OH ok gottcha I have been mostly using the Box knife as my main park board its a 160 its not classified as a Wide board per lib but per the specs it is. Im still pretty basic in the park but im gaining more confidence as I go. Seems like this board really works for the park. I wanted to grab this at 156w strictly for the park but found a great deal on the 160. Just torn that could I have gotten away with the 156w For my little hill of a local mountain. I guess at least at the 160 size it might be a bit more versatile for when I travel.

I always see the weight recommendations on manufacturers sites and say 130+ for example. I think it would be helpful if they put a suggested maximum as well.


----------



## taco tuesday (Jul 26, 2014)

fazy said:


> taco tuesday said:
> 
> 
> > 200lbs, my shortest board is a 158 Burton Cloudsplitter. Longest is a 171 Fullbag Hammerhead. The boards I've been riding the most this year are a 162w Jones Flagship and 165 Gnu Billy Goat. Could go smaller but I like to ride fast and like my edge to hold when pushed hard through a turn.
> ...


Yes there are factors other than effective edge that contribute to a boards performance/ edge hold. Just the same, I prefer a relatively long effective edge for most of my riding and the conditions we often have on the east coast. It's not like the boards I'm riding are overly long to compensate for being noodles. They are medium to stiff for the most part. My Smokin Jetson and Awesym are the softest boards I own and both are considered medium stiffness.


----------



## Phedder (Sep 13, 2014)

dfitz364 said:


> It's all about trade offs.
> 
> IMO, rip whatever is fun for you!


This. 

I'm 6'1, 200lb. My park board is a 156W Endeavor Cobain but I'll still ride that literally anywhere, spent all day on it today and I'd guess 20% of that was actually in the park, though there were a lot of side hits as well. Lapped the jump line a few times today and it handled the 30 footers just fine, as well as a few 6-8 ft drops I like to lap too. I also know the trade offs, and have to be more precise with landing. It won't save me if I land back-seat heavy, whereas my stiffer or longer boards will. 

Where you ride is also very important, I can carve pretty aggressively on it because I'm blessed with good snow conditions, it's easy to sink an edge in an get a firm hold. Same with my Warpig which has even less effective edge. I'd take 1150mm of EE on perfect chalky groomers over 1300mm of EE on ice any day. 

If it's going to be a dedicated park board, you could definitely get away with a 156 depending on which profile and how stiff it is.
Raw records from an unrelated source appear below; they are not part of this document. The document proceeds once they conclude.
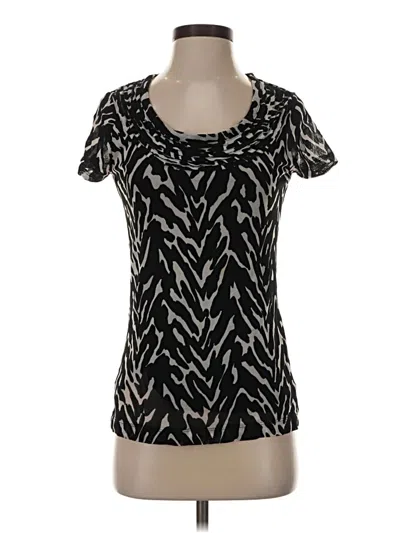 Pre-owned Dana Buchman For Kohls Short Sleeve Top Black Scoop Neck Tops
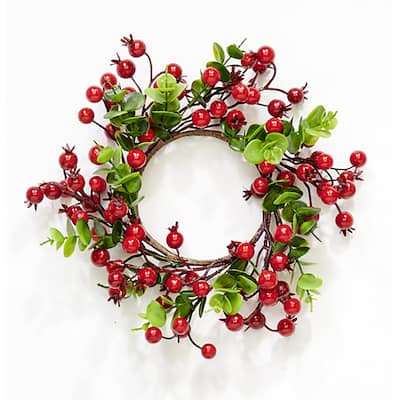 4.25" Inner Diameter Artificial Christmas Red Berries & Eucalyptus Leaves Pillar Candle Ring Centerpiece, Set of 3 - 4.25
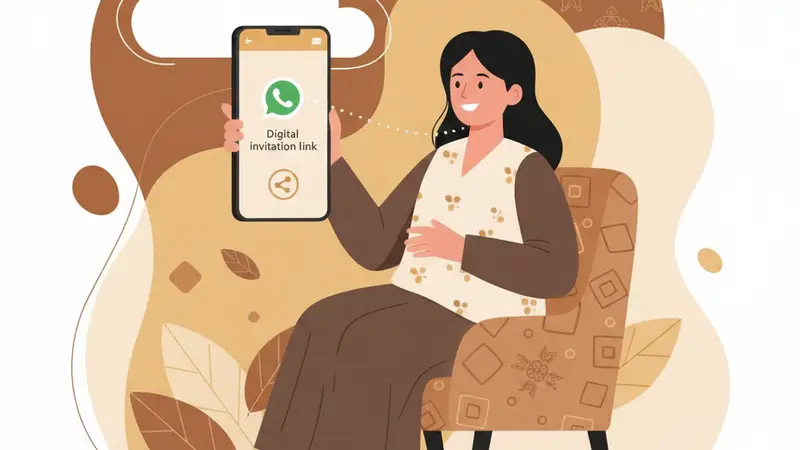 Pasangan pengantin sedang berdiskusi dengan vendor undangan digital.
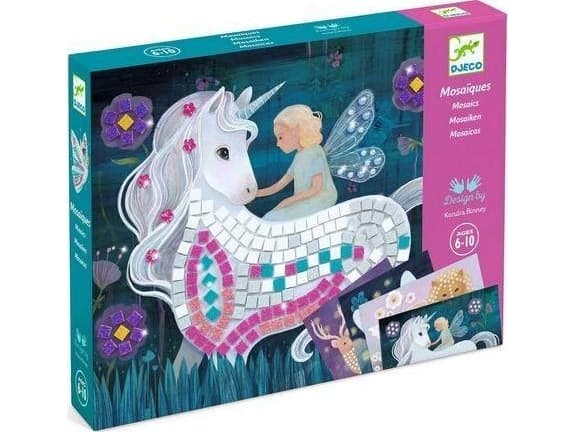 DJECO The Enchanted World Mosaic Kit, Children''s diamond painting kit, 6 år, Flerfarget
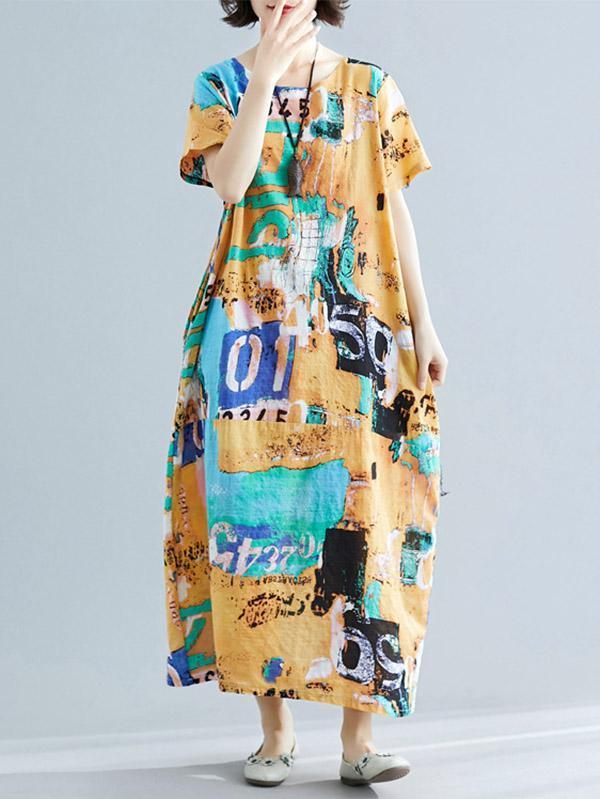 Original Printed Round-Neck Dress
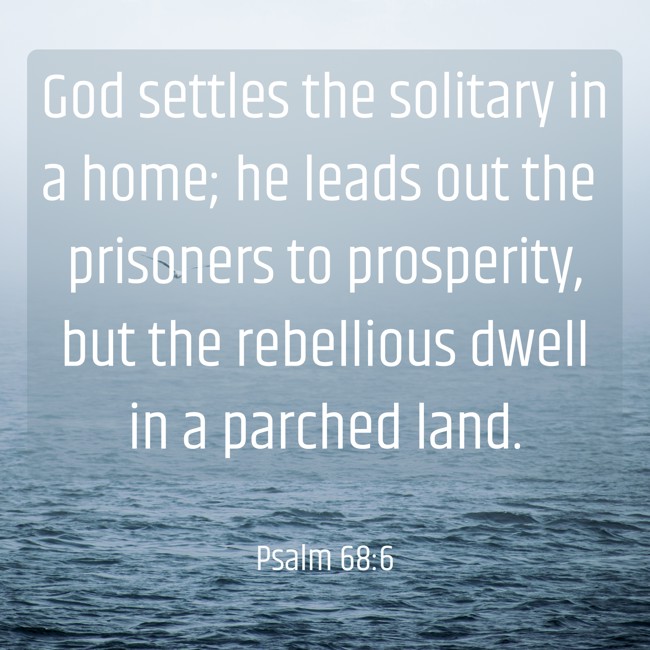 God settles the solitary in a home; he leads out the prisoners to prosperity, but the rebellious dwell in a parched land. - Psalm 68:6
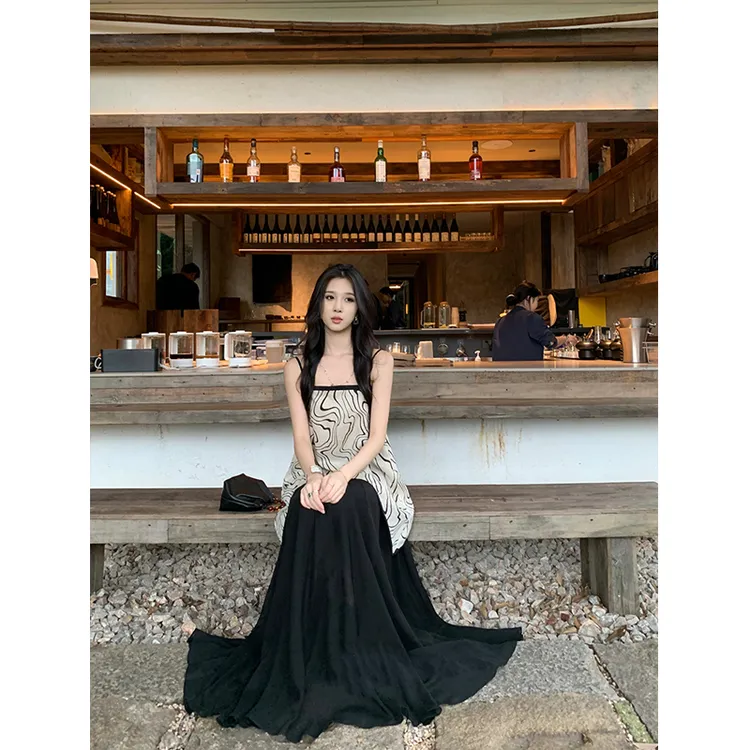 by onion 艺术复古印花吊带背心女夏季宽松撞色A字无袖上衣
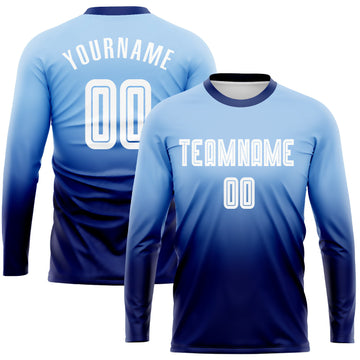 Uksn Individuelles Hellblau Weiß-Marineblau Sublimationsdruck Langarm Farbverlauf Fußballtrikot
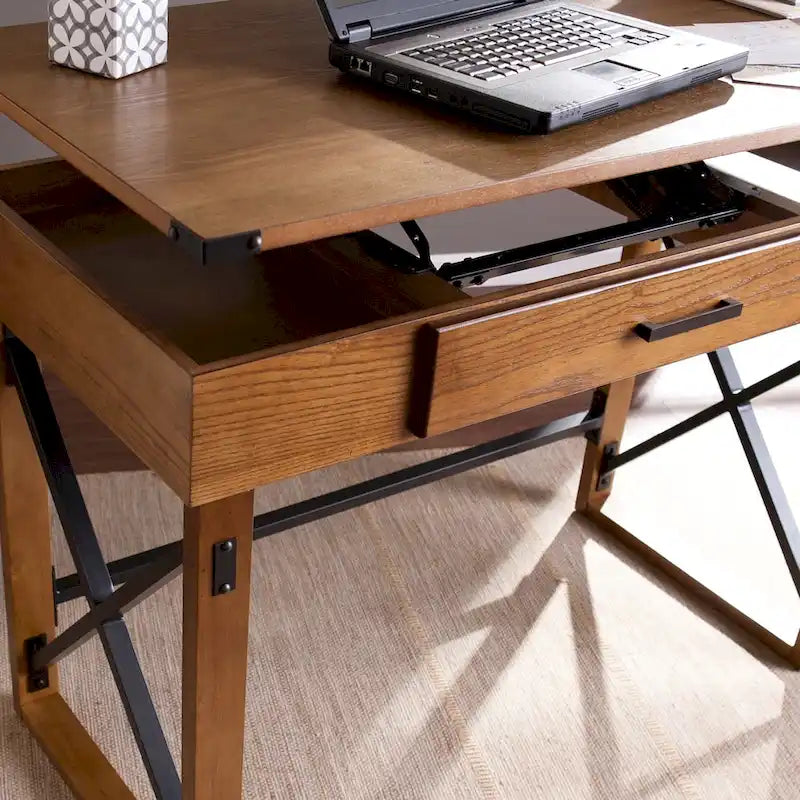 Distressed Pine Adjustable Height Desk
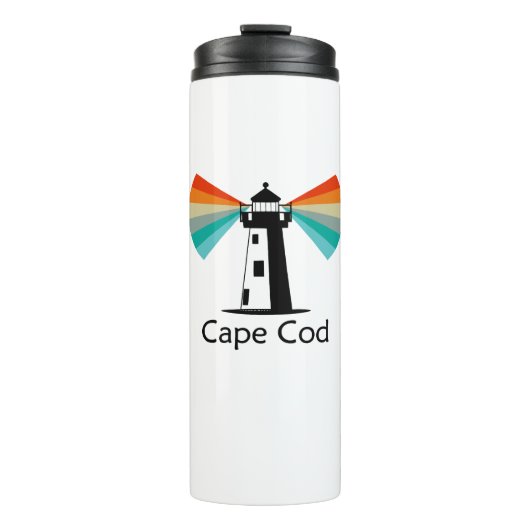 Cape Cod Massachusetts Vuurtoren Regenboog Thermosbeker (Voorkant)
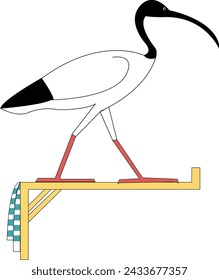 Ilustración Vector de fondo de Ibis egipcio, símbolo del antiguo símbolo egipcio Thoth	
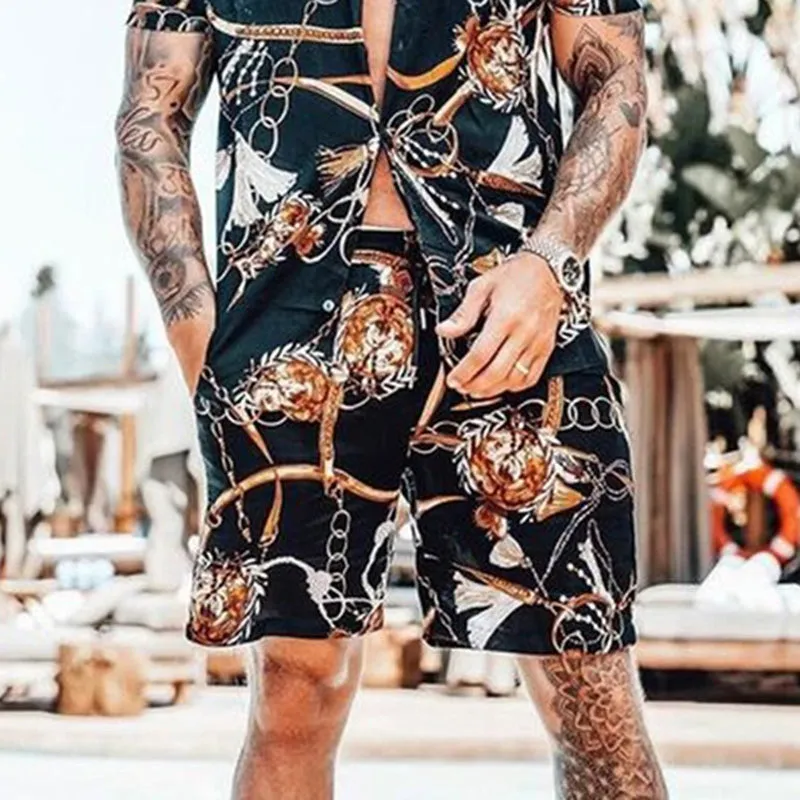 Men Personality Printed Casual Two-Piece Suit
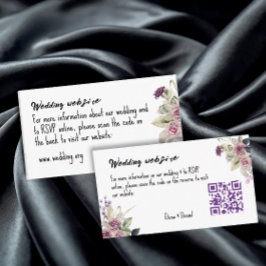 Cartão De Informações Rosas de lavanda rosa com aquarela minimalista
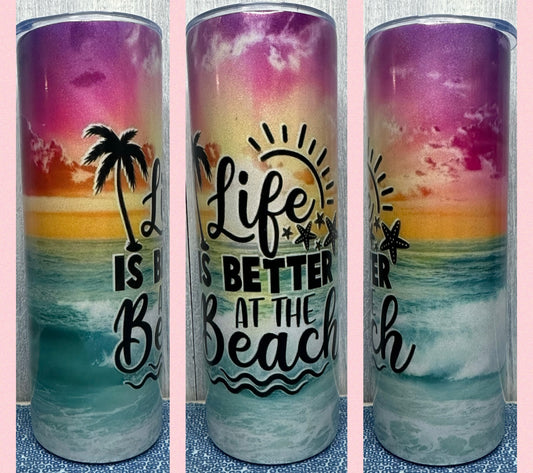 Life is better at the beach holographic 20oz tumbler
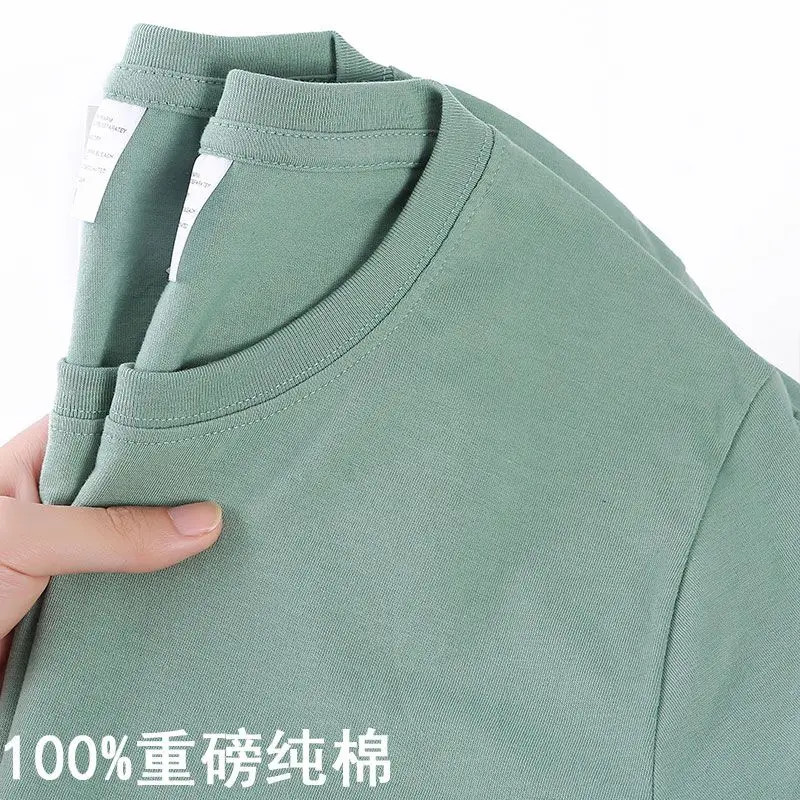 100 Cotton T-shirt Men Women Solid Color O Neck Short-sleeved Tops Summer Korean Loose Half-sleeve T Shirt Unisex M-4XL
I wouldn't put you on a rocker dominant noodle, but something that size with a camber dominant profile and medium stiffness should handle just fine.


----------



## fazy (Feb 3, 2017)

drblast said:


> 6'3" and 195 lbs. Minimum waist width for me tends to be around 25.5 which limits how short of a normal board I can ride. The smallest I have are 159's, one of which is wide, and my largest board is a 164 wide.
> 
> I ride switch a lot and love to spin around while riding, and I hardly do jibs. 159 is a sweet spot for that. But if I'm doing more freeride or at Crystal Mountain or Whistler where longer fast runs are the norm that typically means 160+. For splitboard/powder it's 164+.
> 
> ...


What size are your boots?


----------



## sabatoa (Jan 18, 2011)

You've probably got your answer now. I'm 6'1" and about 230. I ride a 157w as my daily driver in the midwest. I also took it down a dub black in Colorado and it folded like a cheap suit, but it's a flexy park board so yeah- to be expected. 

If I'm looking for a board that can handle everything I like out west, then I'm looking at ~161'ish in a mid-flex or stiff flex, but at home my small park board is a ton of fun.


----------



## fazy (Feb 3, 2017)

@Phedder I had a burton blunt which was full rocker which I absolutely hated. Ride it 4 days and got rid of it. It felt like it was fighting me to go straight, folded in the ice and hard turns. So yeah your recommendation is correct about not sending me down that road. I don't ever think I will buy another full rocker board again


----------



## fazy (Feb 3, 2017)

sabatoa said:


> You've probably got your answer now. I'm 6'1" and about 230. I ride a 157w as my daily driver in the midwest. I also took it down a dub black in Colorado and it folded like a cheap suit, but it's a flexy park board so yeah- to be expected.
> 
> If I'm looking for a board that can handle everything I like out west, then I'm looking at ~161'ish in a mid-flex or stiff flex, but at home my small park board is a ton of fun.


Yeah I do. If I see a small used park wide 156 or so I'll consider purchasing it. As for now I guess the 160 will be just fine


----------



## dfitz364 (Jan 10, 2014)

fazy said:


> Yeah I do. If I see a small used park wide 156 or so I'll consider purchasing it. As for now I guess the 160 will be just fine


What size boot do you have?.. I may be able to hook you up with a cheap old Capita Stairmaster (soft camber, perfect for park, already a little beat, but still has lots of life in it!), but it's not a "wide" deck. 25.5 cm WW. It's the 2010 model. Let me know if you have any interest!


----------



## fazy (Feb 3, 2017)

dfitz364 said:


> fazy said:
> 
> 
> > Yeah I do. If I see a small used park wide 156 or so I'll consider purchasing it. As for now I guess the 160 will be just fine
> ...


Thanks so much for the offer! I wear 13 boots so that might be a bit too small. I've tried some non wide boards and get drag at times.


----------



## dfitz364 (Jan 10, 2014)

fazy said:


> Thanks so much for the offer! I wear 13 boots so that might be a bit too small. I've tried some non wide boards and get drag at times.


Word. Yeah, this would be a bit small for a 13. I rode it with 13s for a while when I was a beginner, but wouldn't really recommend it! Hahah


----------



## Special Blend (Mar 6, 2015)

6'4" 225lbs.
Been riding since 94. Smallest board I ride on a regular basis is my 151 Salomon Derby. 
Also have a 165 Salomon Mans board and a 160W twin for playing around.
Nothing is more fun in the trees on a powder dat then the Derby.


----------



## fazy (Feb 3, 2017)

A 151 does sound fun. How about if it's not a powder day? Still fun on the piste? I'll have to demo something small like that one day to get a good idea


----------



## Special Blend (Mar 6, 2015)

The Derby is still fun on groomers. Very stable and carves really well. If you are a good switch rider it is doable as well. Too bad they stopped making it.


----------



## htfu (Mar 18, 2015)

1.94m, 76kg (previously 119kg), 159w bataleon riot and 159 bataleon magic carpet are the 2 boards in my quiver. even when i was a lot bigger i found anything > 161 was too unwieldy and or stiff (first board was a 2010 164 bataleon the jam). also have a 156 magic carpet which i rode 2 years ago and it was fine even though i was way over the weight range for the board.


----------